18 days · 2 summary articles
German government submits Deutsche Bahns 16 billion Brenner rail project to Bundestag
Deutsche Bahn admits Stuttgart 21 Tiefbahnhof needs three more billion euros and five extra years
The German government is preparing to submit Deutsche Bahn’s planning documents for the €16 billion Brenner-Nordzulauf rail project to the Bundestag this week, as the state-owned operator unveils a €7.6 billion risk and inflation buffer for the Munich-to-Austrian-border route. The project, which will connect to the Brenner Base Tunnel currently under construction, has seen its estimated costs surge from €8 billion in 2021 to €8.57 billion for construction alone, with the total financial cushion now approaching the project’s headline figure of €16 billion .
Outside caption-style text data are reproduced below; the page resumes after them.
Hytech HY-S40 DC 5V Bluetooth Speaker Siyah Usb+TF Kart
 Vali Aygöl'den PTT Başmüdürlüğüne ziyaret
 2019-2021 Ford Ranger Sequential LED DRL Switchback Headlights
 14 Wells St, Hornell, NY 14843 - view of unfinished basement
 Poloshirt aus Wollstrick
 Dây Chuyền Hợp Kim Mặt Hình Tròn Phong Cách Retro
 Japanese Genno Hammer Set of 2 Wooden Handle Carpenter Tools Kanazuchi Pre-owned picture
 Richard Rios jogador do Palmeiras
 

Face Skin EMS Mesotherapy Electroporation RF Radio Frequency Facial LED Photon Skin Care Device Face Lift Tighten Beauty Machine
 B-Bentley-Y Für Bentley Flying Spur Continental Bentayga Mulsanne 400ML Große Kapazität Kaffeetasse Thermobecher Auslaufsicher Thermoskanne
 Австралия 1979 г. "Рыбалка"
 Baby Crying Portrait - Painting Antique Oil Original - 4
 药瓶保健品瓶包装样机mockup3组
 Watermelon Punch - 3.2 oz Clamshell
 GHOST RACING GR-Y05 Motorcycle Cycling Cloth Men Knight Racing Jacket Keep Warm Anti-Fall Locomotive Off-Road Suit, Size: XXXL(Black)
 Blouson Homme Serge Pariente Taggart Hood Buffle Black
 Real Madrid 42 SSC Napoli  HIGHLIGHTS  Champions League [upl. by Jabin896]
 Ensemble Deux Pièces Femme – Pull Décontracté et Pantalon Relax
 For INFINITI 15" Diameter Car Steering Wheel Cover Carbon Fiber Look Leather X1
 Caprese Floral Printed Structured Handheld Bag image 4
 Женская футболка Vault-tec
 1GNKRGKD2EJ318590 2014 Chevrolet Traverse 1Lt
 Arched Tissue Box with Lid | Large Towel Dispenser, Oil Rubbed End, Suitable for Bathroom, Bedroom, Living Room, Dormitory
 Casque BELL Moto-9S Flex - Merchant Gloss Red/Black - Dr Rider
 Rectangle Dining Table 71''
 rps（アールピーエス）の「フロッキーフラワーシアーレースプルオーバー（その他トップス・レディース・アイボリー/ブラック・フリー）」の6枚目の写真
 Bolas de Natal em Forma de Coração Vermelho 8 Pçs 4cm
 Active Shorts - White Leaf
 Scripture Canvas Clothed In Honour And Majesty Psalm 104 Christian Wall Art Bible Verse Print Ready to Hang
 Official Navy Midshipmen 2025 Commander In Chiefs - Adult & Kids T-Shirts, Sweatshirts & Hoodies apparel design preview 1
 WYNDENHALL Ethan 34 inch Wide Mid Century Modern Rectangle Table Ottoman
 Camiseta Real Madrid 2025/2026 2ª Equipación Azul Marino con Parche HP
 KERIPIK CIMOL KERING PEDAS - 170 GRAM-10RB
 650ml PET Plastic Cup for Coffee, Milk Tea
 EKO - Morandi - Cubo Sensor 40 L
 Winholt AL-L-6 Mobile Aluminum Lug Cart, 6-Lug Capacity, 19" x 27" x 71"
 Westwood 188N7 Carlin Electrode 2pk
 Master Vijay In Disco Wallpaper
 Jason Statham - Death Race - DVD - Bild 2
The 200-kilometre Zuleitungsstrecke is designed to unlock the capacity of the 55-kilometre Brenner Base Tunnel, which is scheduled to open in 2032 after tunnel boring began in 2015. Without the new feeder line, the tunnel’s potential to cut travel time between Germany and Italy by two hours would remain unexploited. The project is part of the EU’s Scan-Med corridor from Scandinavia to Italy and is expected to receive EU co-financing, though the exact share has not been disclosed. The Federal Ministry of Transport, led by CDU’s Patrick Schnieder, confirmed that the ministry will forward DB’s planning files, an internal report, and an assessment from the Federal Railway Authority to parliament “as soon as possible” .
Deutsche Bahn’s project director stressed that the €7.6 billion buffer—comprising risk and inflation reserves—is not expected to be fully drawn. The company has priced in inflation of up to 10%, a figure higher than typical forecasts, to account for the project’s decade-long horizon. “Rail megaprojects consistently overrun budgets,” a DB spokesperson noted, “but we are confident the cushion will not be needed in full.” The ministry’s submission to the Bundestag marks the start of parliamentary scrutiny, where lawmakers will assess whether the project’s benefits justify the escalating costs.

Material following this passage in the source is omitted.